The US-based thrower is No.4 on the UK all-time rankings

Greg Thompson is looking forward to making his mark at the British Championships and IAAF World Championships in Doha after jumping to No.4 on the UK all-time rankings for the discus in the United States.

The Shaftesbury Barnet athlete is studying for a double degree in kinesiology and philosophy at Maryland University in the US but despite his busy academic schedule threw a Doha qualifying mark of 65.56m at the Penn Relays in Philadelphia in April and is hoping for further improvements this summer.

The UK record of 68.24m was set in 2012 by Lawrence Okoye and during that same year Thompson won English Schools gold in Gateshead throwing in trainers.

Talent runs in the family, too, as he is the son of Neville Thompson – a former GB international. Thompson Snr threw 55.68m at Crystal Palace in 1993 and Thompson Jnr beat that mark at the same venue soon after his 20th birthday.

“With my dad being an international from the moment I could walk it was, like, ‘let’s grab a disc and have some fun with it’,” he remembers. “I have vivid memories of being a little ’un and trying to pick up a 2k discus after he’d thrown it and trying to throw it back to him but he told me to take my time and not hurt myself. When I grew up, he was always the archetype and what I wanted to live up to.”

Initially, Thompson played rugby, football, badminton and he loves snooker too. He has a brother in the Arsenal football squad as well, but his heart is in athletics.

Formerly coached by his father, Thompson is now guided by Travis Coleman at Maryland University. Unusually, he is left-footed and left-handed but throws with his right arm.

“My dad always threw with his right arm so from the moment he got me a small makeshift discus as a kid I tried to put it in my right hand,” he explains.

He also plays badminton and throws a javelin with his right hand but throws darts and a basketball with his left. “When it comes to the finer motor or precision skills or writing, I use my left,” he says.

The Briton stands 6ft tall but is not that large for an elite discus thrower. So he utilises his speed in the circle and athleticism to get the most out of himself.

“When I threw 65m recently, the athlete who was second, Roje Stona of Jamaica, is about 6ft 6-7in tall and completely dwarfed me,” says Thompson.

As he reaches the end of his fourth year at Maryland University, too, he juggles training with studies. “I have a good blend between the two,” he says.

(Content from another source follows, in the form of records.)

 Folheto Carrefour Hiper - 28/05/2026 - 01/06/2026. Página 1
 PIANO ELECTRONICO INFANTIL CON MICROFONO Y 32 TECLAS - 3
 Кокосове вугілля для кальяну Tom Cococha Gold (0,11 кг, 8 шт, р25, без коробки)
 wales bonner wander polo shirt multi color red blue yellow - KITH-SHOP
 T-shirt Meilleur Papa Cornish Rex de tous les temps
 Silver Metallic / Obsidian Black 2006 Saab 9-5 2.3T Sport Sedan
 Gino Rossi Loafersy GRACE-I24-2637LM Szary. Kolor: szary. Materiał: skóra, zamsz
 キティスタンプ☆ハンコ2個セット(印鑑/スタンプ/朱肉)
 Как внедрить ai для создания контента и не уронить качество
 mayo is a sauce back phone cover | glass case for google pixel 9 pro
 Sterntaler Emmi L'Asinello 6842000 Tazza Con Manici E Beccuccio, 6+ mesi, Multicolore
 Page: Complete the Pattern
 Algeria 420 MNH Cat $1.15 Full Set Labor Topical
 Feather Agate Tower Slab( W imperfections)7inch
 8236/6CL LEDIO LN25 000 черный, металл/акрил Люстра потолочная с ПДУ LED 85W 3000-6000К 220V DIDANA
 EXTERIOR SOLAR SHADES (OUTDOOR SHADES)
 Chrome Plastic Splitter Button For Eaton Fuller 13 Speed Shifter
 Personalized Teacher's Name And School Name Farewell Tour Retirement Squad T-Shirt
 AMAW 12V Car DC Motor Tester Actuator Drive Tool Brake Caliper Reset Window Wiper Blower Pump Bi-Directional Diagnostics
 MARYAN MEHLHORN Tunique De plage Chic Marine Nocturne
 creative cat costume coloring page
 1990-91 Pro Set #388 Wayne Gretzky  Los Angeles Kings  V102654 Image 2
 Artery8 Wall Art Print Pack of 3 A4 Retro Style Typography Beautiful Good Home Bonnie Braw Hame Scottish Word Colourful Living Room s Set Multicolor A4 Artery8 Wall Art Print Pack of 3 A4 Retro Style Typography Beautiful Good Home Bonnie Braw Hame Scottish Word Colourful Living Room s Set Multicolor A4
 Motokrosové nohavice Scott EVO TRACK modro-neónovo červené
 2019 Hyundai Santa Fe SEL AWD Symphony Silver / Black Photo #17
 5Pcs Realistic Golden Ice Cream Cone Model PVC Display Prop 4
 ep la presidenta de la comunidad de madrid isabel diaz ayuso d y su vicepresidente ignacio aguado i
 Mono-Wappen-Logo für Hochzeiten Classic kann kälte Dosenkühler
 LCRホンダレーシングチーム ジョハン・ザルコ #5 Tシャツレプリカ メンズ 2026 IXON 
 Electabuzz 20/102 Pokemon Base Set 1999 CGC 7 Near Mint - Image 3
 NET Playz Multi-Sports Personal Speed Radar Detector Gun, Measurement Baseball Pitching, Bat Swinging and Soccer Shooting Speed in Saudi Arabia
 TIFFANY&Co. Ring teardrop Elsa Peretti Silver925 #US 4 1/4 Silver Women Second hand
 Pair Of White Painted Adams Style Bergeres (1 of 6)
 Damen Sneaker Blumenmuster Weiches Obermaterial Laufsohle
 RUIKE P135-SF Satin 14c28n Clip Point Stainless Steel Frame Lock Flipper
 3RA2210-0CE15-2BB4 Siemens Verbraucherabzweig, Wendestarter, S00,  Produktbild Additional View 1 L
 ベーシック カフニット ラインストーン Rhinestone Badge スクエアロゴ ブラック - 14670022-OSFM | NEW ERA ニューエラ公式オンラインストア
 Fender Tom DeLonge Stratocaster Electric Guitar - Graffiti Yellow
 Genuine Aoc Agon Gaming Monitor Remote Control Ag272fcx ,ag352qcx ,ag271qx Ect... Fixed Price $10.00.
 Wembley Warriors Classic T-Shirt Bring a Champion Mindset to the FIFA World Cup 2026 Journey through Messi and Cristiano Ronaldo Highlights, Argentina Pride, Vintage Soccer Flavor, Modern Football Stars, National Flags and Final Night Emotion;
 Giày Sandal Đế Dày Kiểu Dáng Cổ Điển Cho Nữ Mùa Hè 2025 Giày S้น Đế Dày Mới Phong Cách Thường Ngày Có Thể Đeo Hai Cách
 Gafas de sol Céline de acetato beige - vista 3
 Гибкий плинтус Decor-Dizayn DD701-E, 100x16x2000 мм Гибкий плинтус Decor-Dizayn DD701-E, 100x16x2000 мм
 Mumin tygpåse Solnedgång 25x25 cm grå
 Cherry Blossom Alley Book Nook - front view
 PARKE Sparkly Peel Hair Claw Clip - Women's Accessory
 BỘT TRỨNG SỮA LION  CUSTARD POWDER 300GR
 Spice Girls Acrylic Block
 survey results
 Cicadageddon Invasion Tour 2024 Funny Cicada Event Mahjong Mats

All eyes will be on Thompson to see if he can build on his big early season throw – and next week he competes for Great Britain in the World University Games in Naples, Italy. As someone who won a medal in a UK maths competition seven years ago, he will have no problem calculating how many more metres he needs to leapfrog further up the national rankings.

In addition to Okoye, the only Brits who have thrown further are Brett Morse and Perriss Wilkins – although the latter is a discredited figure after allegations of using a light discus at competitions in addition to a doping ban.

“I knew something was in the tank this year and something was brewing,” Thompson says on his big throw. “I threw a PB in training before Penn Relays and I thought that if I got everything right I could throw 65 metres.

“I’ve felt my potential has been around 65 metres for a year or so but it hasn’t happened until this year due to a myriad of physical and mental factors.”

Thompson, who turned 25 last month, has previous international experience as he finished 10th in the 2013 European Juniors. But after the World University Games he is aiming to seal selection for Doha at this summer’s Müller British Championships – a competition where he finished runner-up to Morse 12 months ago – and he would love to compete at the Diamond Leagues in the UK.

“I’m looking forward to being a small fish in a big pond and rising to the challenge,” he says.